The Translight Lighting Method: HDRI-Dome Quality At Blazingly Fast Speeds.
By: Timothy Albee
HDRI and "full-on" Radiosity... what a concept! To light CG elements to go into a live-action (or pre-rendered) shot using only an image generated from photographing the actual environment that holds actual real-world lighting data... what a great idea! Too bad that with all the rays that need to be thrown-around to calculate that "real-world-ish" realism, the renders are sloooooo-ooooow.
This is a technique I developed while working on a short film of mine a few years ago when I had to hit high-levels of visual quality, yet had only two home-computers on which I was rendering. This technique yields all the beauty of a full-on HDRI/Radiosity render, but at a fraction of the time! It is a super-simple concept that blends the elegance of real-world thinking with a great, time-proven CGI trick.
HDR Basics
First, let's explore what's involved in a "Real" HDRI/Radiosity render.
Download and extract the Translight_LWS.zip file (Right Click Save As)

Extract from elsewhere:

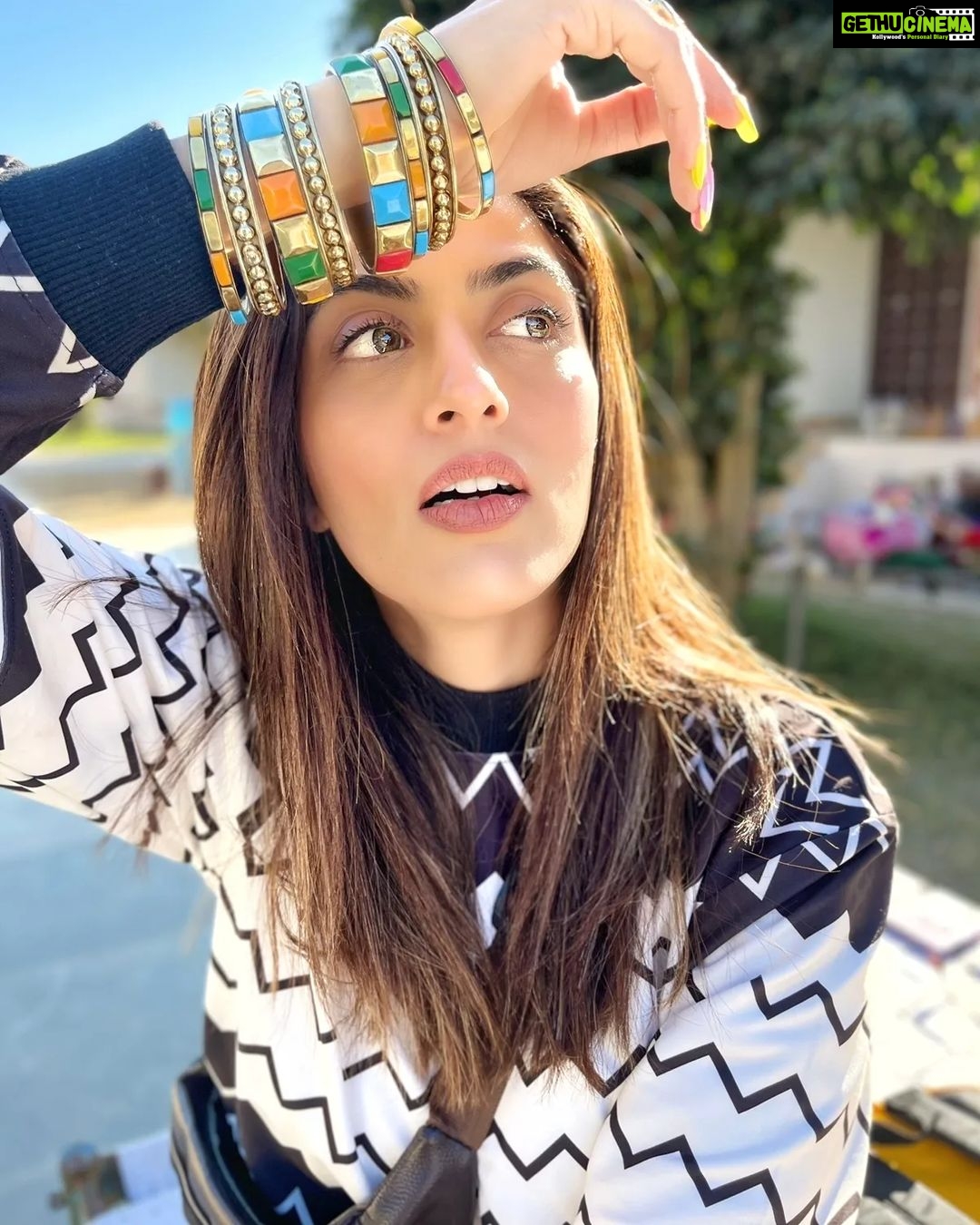 Monica Khanna Instagram - These bangles always help me to look my most beautiful..... Also,happy makar Sankranti π»π» Thanks for clicking me @jigyasa_07 #jewellery #bangles #beautiful #colorful #kutch #mumbai #jewelleryphotography #makarsankranti Kutch Resort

Here, we see a character surrounded by an enclosed hemisphere with a funky, "Tie-Dyed" color texture mapped upon it, (this image can be replaced by any hemispherical HDRI image you photograph yourself or find on the 'net). Press to render the frame, and I'll talk about what's going on while the scene renders.
This is a .JPG, (8-bits per channel in Integer format,) version of the .HDR image (32-bits per channel in Floating-Point format) which is mapped onto the hemisphere.

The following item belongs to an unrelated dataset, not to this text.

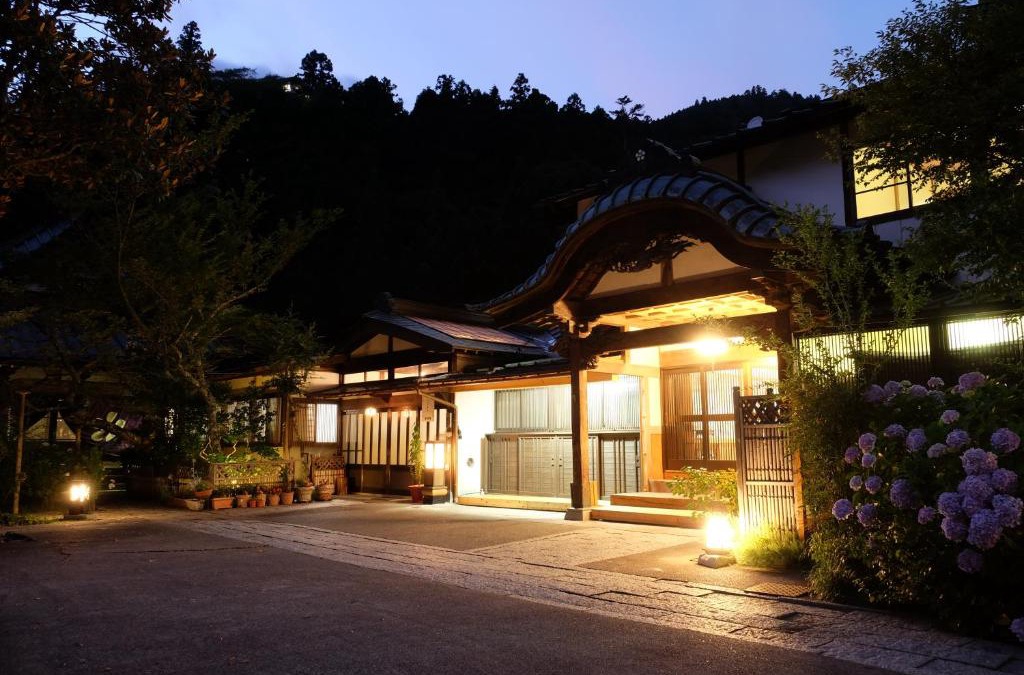 Minobu Hotel | Temple Lodging Shukubo Kakurinbo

Where an Integer-based image's values go from "1" to "2" to "3"... all the way to its highest value, (in the case of an 8-bit image, that would be from 0 to 255,) a Floating-Point image's values can be almost infinitely divisible steps between any two values. (In Floating-Point, black is usually thought of as 0, [0%,] and white as 1, [100%,] though a PIXEL's value can just as easily be below 0, or above 1.)
8-bits is the minimum a human eye needs to perceive a continuous tone within that channel.
32, floating-point bits-per-channel, obviously, holds a lot more data per channel, which is vital when pushing a rendered frame's colors around significantly in compositing.
An HDR image that can have color values be "hotter" than "255, 255, 255" white. This means that an HDR photograph of a light with values of "800%, 800%, 800%" would actually "cast" eight times the light of a flat-lit, "100%, 100%, 100%" white sheet of paper in the same photograph!